━━ EXERCISE INPUTS

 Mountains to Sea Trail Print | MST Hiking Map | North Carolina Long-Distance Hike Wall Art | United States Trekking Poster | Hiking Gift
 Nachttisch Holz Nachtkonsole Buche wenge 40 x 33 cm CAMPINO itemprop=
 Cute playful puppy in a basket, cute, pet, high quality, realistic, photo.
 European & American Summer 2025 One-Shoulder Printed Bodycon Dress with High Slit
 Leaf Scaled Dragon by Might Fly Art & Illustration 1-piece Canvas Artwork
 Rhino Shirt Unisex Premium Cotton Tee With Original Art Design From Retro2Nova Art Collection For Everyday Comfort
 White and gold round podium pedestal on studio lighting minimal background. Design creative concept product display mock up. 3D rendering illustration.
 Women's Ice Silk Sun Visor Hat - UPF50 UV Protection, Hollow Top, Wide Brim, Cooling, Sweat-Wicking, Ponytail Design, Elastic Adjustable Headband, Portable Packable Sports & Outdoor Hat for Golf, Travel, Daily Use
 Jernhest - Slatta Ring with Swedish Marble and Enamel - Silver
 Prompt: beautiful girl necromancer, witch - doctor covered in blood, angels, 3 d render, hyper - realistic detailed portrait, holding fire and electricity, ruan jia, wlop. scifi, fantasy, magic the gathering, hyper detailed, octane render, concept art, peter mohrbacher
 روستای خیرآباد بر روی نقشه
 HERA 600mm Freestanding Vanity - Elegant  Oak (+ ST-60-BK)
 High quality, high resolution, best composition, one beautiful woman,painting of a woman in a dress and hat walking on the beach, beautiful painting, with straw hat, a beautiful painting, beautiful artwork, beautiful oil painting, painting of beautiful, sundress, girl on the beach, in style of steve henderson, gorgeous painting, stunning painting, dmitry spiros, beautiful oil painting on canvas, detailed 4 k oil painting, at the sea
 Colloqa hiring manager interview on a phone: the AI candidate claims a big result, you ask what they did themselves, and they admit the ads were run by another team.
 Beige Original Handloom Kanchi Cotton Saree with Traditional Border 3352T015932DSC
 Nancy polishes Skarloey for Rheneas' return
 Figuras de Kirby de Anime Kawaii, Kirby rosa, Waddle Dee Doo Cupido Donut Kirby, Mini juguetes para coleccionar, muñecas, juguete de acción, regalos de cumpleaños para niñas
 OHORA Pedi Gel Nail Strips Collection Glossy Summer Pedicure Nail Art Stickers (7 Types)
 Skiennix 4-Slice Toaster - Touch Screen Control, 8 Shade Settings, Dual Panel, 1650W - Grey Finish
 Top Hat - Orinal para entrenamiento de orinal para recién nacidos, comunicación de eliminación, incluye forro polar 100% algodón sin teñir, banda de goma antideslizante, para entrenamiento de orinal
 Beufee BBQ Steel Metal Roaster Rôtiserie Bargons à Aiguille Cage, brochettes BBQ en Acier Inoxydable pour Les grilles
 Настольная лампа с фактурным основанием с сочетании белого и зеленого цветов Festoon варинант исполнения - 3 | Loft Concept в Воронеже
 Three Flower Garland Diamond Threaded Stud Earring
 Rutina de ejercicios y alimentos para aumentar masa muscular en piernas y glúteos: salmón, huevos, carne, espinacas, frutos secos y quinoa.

━━━━

### WORK INSTRUCTION
Every line of the data above should be reproduced word for word.

### RESPONSE AREA
 Mountains to Sea Trail Print | MST Hiking Map | North Carolina Long-Distance Hike Wall Art | United States Trekking Poster | Hiking Gift
 Nachttisch Holz Nachtkonsole Buche wenge 40 x 33 cm CAMPINO itemprop=
 Cute playful puppy in a basket, cute, pet, high quality, realistic, photo.
 European & American Summer 2025 One-Shoulder Printed Bodycon Dress with High Slit
 Leaf Scaled Dragon by Might Fly Art & Illustration 1-piece Canvas Artwork
 Rhino Shirt Unisex Premium Cotton Tee With Original Art Design From Retro2Nova Art Collection For Everyday Comfort
 White and gold round podium pedestal on studio lighting minimal background. Design creative concept product display mock up. 3D rendering illustration.
 Women's Ice Silk Sun Visor Hat - UPF50 UV Protection, Hollow Top, Wide Brim, Cooling, Sweat-Wicking, Ponytail Design, Elastic Adjustable Headband, Portable Packable Sports & Outdoor Hat for Golf, Travel, Daily Use
 Jernhest - Slatta Ring with Swedish Marble and Enamel - Silver
 Prompt: beautiful girl necromancer, witch - doctor covered in blood, angels, 3 d render, hyper - realistic detailed portrait, holding fire and electricity, ruan jia, wlop. scifi, fantasy, magic the gathering, hyper detailed, octane render, concept art, peter mohrbacher
 روستای خیرآباد بر روی نقشه
 HERA 600mm Freestanding Vanity - Elegant  Oak (+ ST-60-BK)
 High quality, high resolution, best composition, one beautiful woman,painting of a woman in a dress and hat walking on the beach, beautiful painting, with straw hat, a beautiful painting, beautiful artwork, beautiful oil painting, painting of beautiful, sundress, girl on the beach, in style of steve henderson, gorgeous painting, stunning painting, dmitry spiros, beautiful oil painting on canvas, detailed 4 k oil painting, at the sea
 Colloqa hiring manager interview on a phone: the AI candidate claims a big result, you ask what they did themselves, and they admit the ads were run by another team.
 Beige Original Handloom Kanchi Cotton Saree with Traditional Border 3352T015932DSC
 Nancy polishes Skarloey for Rheneas' return
 Figuras de Kirby de Anime Kawaii, Kirby rosa, Waddle Dee Doo Cupido Donut Kirby, Mini juguetes para coleccionar, muñecas, juguete de acción, regalos de cumpleaños para niñas
 OHORA Pedi Gel Nail Strips Collection Glossy Summer Pedicure Nail Art Stickers (7 Types)
 Skiennix 4-Slice Toaster - Touch Screen Control, 8 Shade Settings, Dual Panel, 1650W - Grey Finish
 Top Hat - Orinal para entrenamiento de orinal para recién nacidos, comunicación de eliminación, incluye forro polar 100% algodón sin teñir, banda de goma antideslizante, para entrenamiento de orinal
 Beufee BBQ Steel Metal Roaster Rôtiserie Bargons à Aiguille Cage, brochettes BBQ en Acier Inoxydable pour Les grilles
 Настольная лампа с фактурным основанием с сочетании белого и зеленого цветов Festoon варинант исполнения - 3 | Loft Concept в Воронеже
 Three Flower Garland Diamond Threaded Stud Earring
 Rutina de ejercicios y alimentos para aumentar masa muscular en piernas y glúteos: salmón, huevos, carne, espinacas, frutos secos y quinoa.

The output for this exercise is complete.